B10ScSn.Cg-Prkdc^scid Dmd^mdx/J

Stock number: 018018
Product name: MDX/SCID
Research areas: Cell Biology Research, Immunology, Inflammation and Autoimmunity Research, Internal/Organ Research, Mouse/Human Gene Homologs, Neurobiology Research, Research Tools, Sensorineural Research, Virology Research

Description

MDX/SCID mice exhibit necrosis, centrally located nuclei and and the muscle degeneration characteristic of DMD and may be used a dystrophic model for the transplantation of human donor cells to evaluate skeletal muscle regeneration.

Detailed description

The X-linked dystrophin gene (Dmd) is highly expressed in muscle cells and encodes a cytoskeletal protein which localizes to the inner face of the sarcolemma. Dystrophin molecules bind to cytoskeletal F-actin and transmembrane beta-dystroglycan as part of a complex, multimolecular unit that mediates signaling between the intracellular cytoskeleton and the extracellular matrix. The structure and localization also suggest that dystrophin is important for stabilizing the plasma membrane, particularly during contraction. Like human patients who suffer from one of the most common neuromuscular diseases, Duchenne muscular dystrophy (DMD), the Dmd^mdx mutants do not express dystrophin and therefore have been routinely used as an animal model of the disease even though the resultant myopathology is much less severe compared to the human disease course. When combined with the Prkdc^scid allele, there is some amelioration of the mdx phenotype including a reduction in the rate of muscle fibrosis, higher endurance and decreased expression of active TGFB1. However, MDX/SCID mice continue to exhibit necrosis, centrally located nuclei and and the muscle degeneration characteristic of DMD. The MDX/SCID mouse may be used a dystrophic model for the transplantation of human donor cells to evaluate skeletal muscle regeneration.

Development

The spontaneous mutation Dmd^mdx arose just prior to 1977 at the Agricultural Research Council's Poultry Research Centre, U.K., in C57BL/10ScSn mice obtained from M. Festing (MRC Laboratory Animals Centre, Carshalton, Surrey, U.K.). Mice carrying the mdx allele were imported to The Jackson Laboratory in 1984 by Dr. Thomas Roderick, who received them from Dr. Karen Moore (Department of Genetics, University of California, Berkley). In 2000, under the direction of James Cummins at the University of Pittsburgh and Children's Hospital of Pittsburgh, the Prkdc^scid allele from B6.CB17-Prkdc^scid/SzJ was introgressed into C57BL/10ScSn-Dmd^mdx/J for at least 10 generations.

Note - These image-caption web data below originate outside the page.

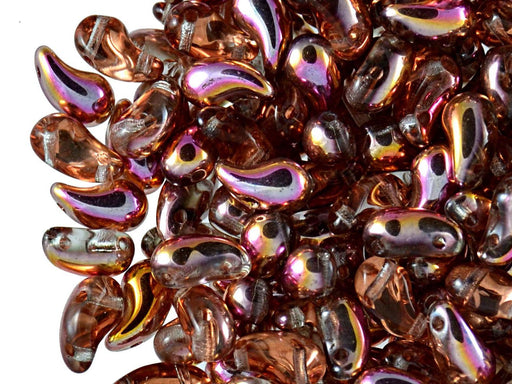 20 St. ZoliDuo® Linke Version Perlen, Teardrop 5x8mm mit zwei Löchern, Böhmisches Glas, Kristall-Sonnenuntergang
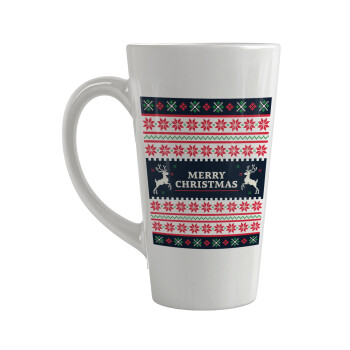 Merry Christmas Vintage, Κούπα κωνική Latte Μεγάλη, κεραμική, 450ml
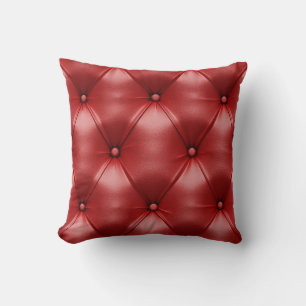 Coussin Cuir rouge : Élégance texturale sans joint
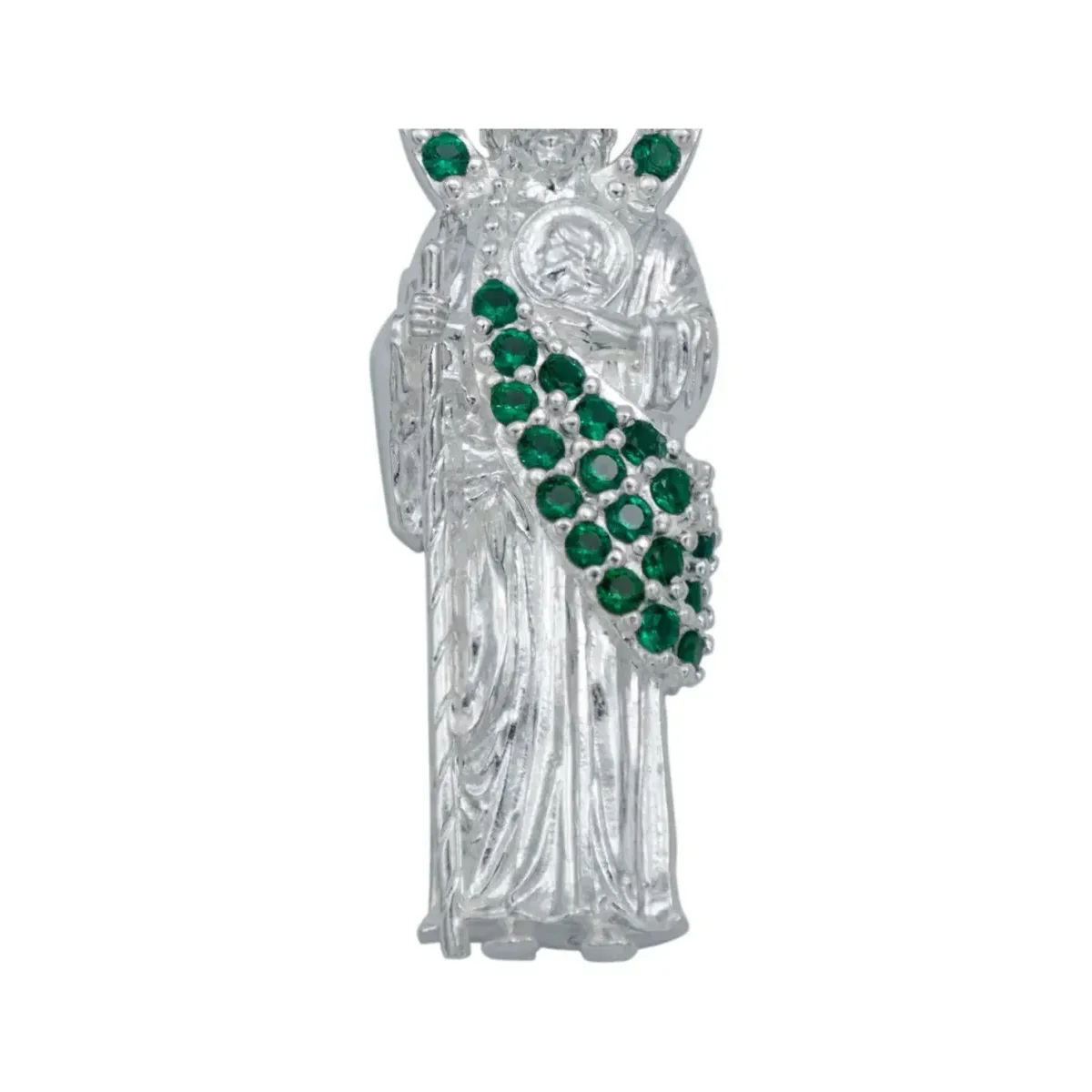 Collar Plata Ley .925 Medalla San Judas Tadeo Zirconia Verde - Imagen 3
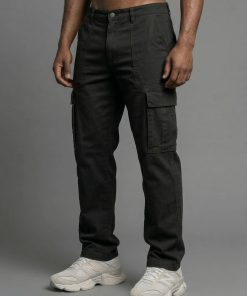 Black Modern Cotton Cargo Pants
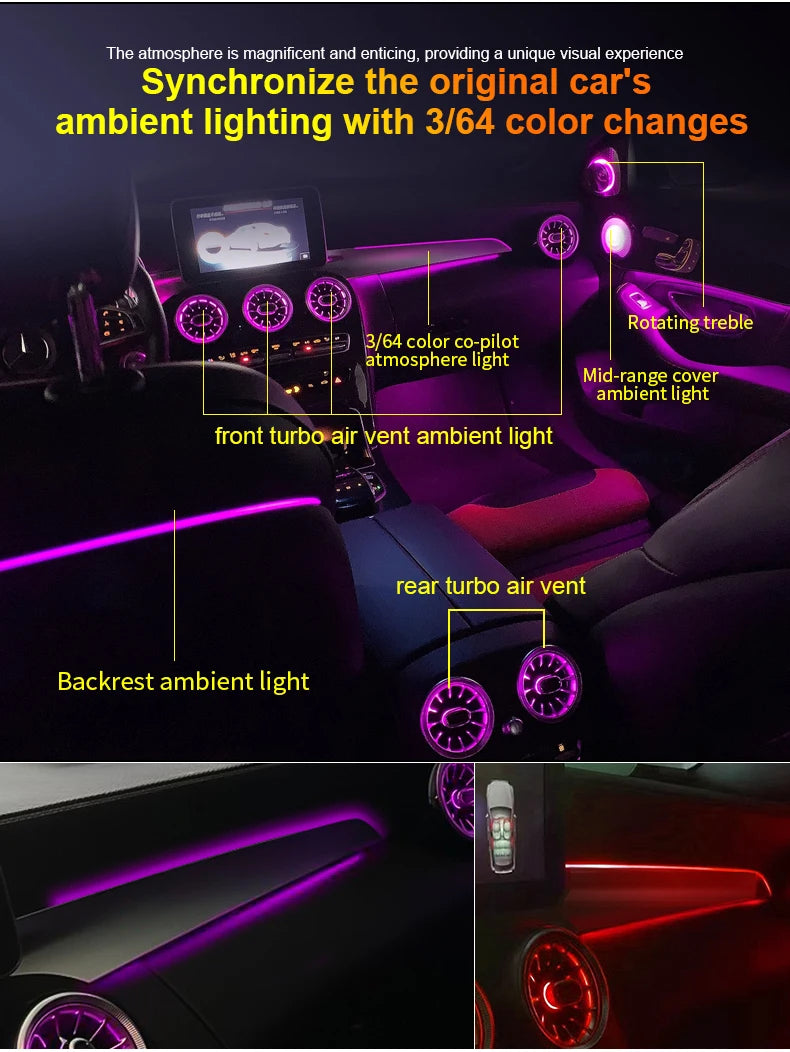 3/64 Color For Mercedes-Benz C/GLC class W205 X253 LHD Co-pilot Led Neon Ambient Light Passenger Atmosphere Lamp Dashboard 15-21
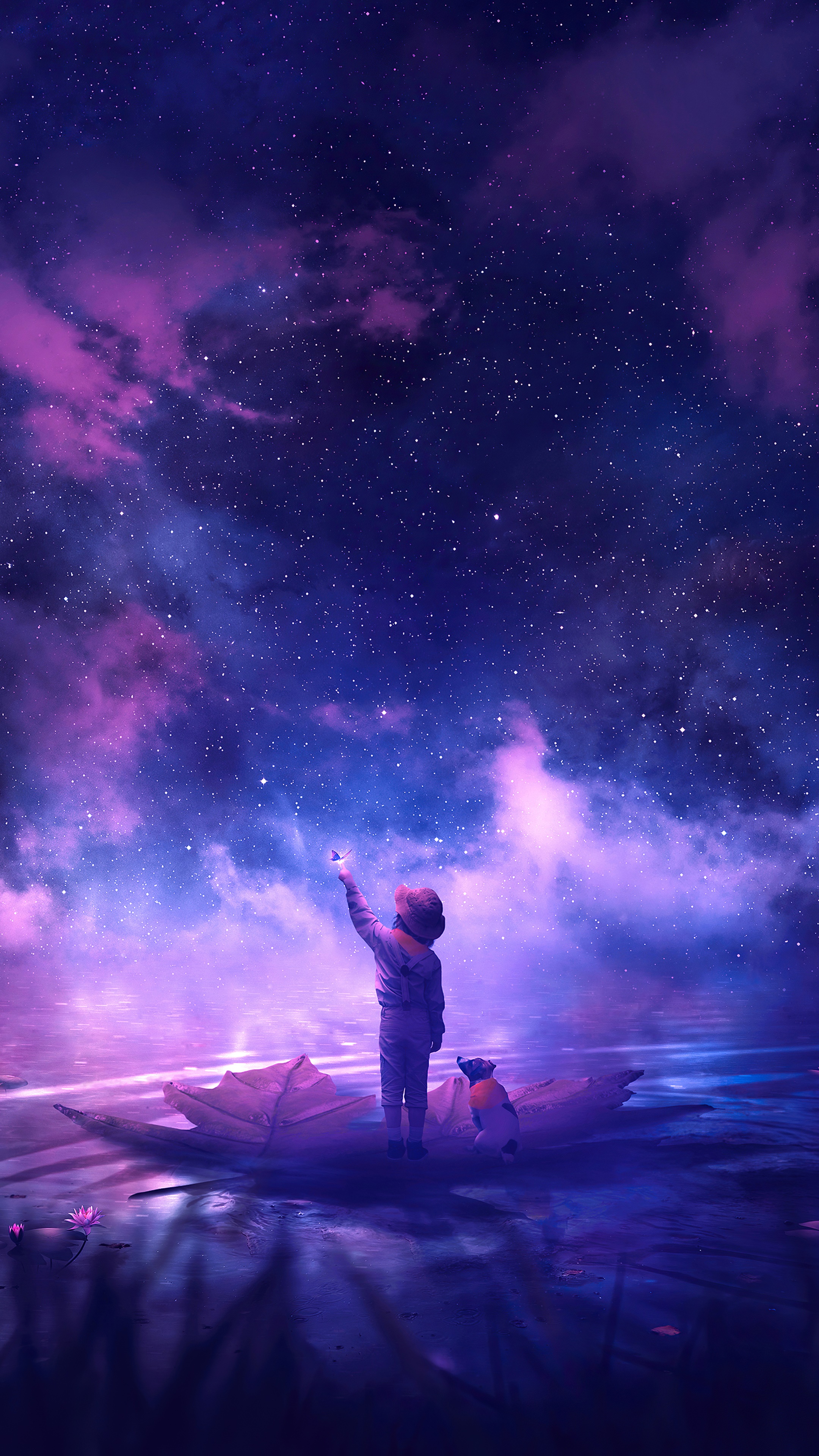 Child and dog in a boat under a starry sky HD Phone Wallpaper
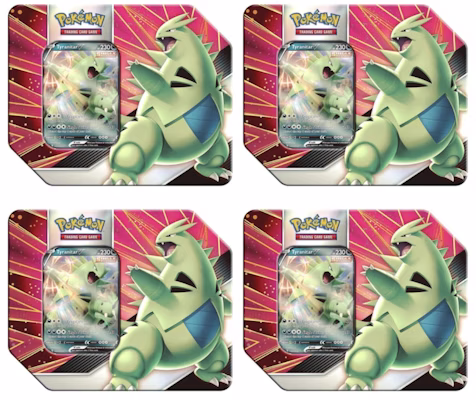 Pokémon TCG V Strikers Tyranitar V Tin 4x Lot Buy Pokémon TCG V Strikers Tyranitar V Tin 4x Lot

This strain is maintained as homozygous for Prkdc^scid allele and by sibling mating homozygous Dmd^mdx females with hemizygous Dmd^mdx males; mice can breed up to six months of age.

Allele

Symbol: Prkdc^scid
Name: severe combined immunodeficiency
MGI accession ID: MGI:1857113
Generation method: Spontaneous
Marker symbol: Prkdc
Marker name: protein kinase, DNA activated, catalytic polypeptide
Chromosome: 16
Strain of origin: C.BKa-Igh^b/Icr
Site of expression: T and B lymphocytes.
Molecular note: A T-to-A transversion point mutation at a position corresponding to codon 4046 (codon 4095 in transcript ENSMUST00000023352.8) created a premature stop codon (p.Y4046*).

Allele

Symbol: Dmd^mdx
Name: X linked muscular dystrophy
MGI accession ID: MGI:1856328
Generation method: Spontaneous
Marker symbol: Dmd
Marker name: dystrophin, muscular dystrophy
Chromosome: X
Strain of origin: C57BL/10ScSn
Molecular note: This mutation arose in 1981 in a C57BL/10ScSn colony at University of Leicester. A C-to-T substitution in the CAA codon in exon 23 (ENSMUST00000114000 chrX:g.83803333C>T; c.2983C>T; p.Q995*) results in a termination codon (TAA) in place of a glutamine codon. This allele is predicted to produce a truncated protein.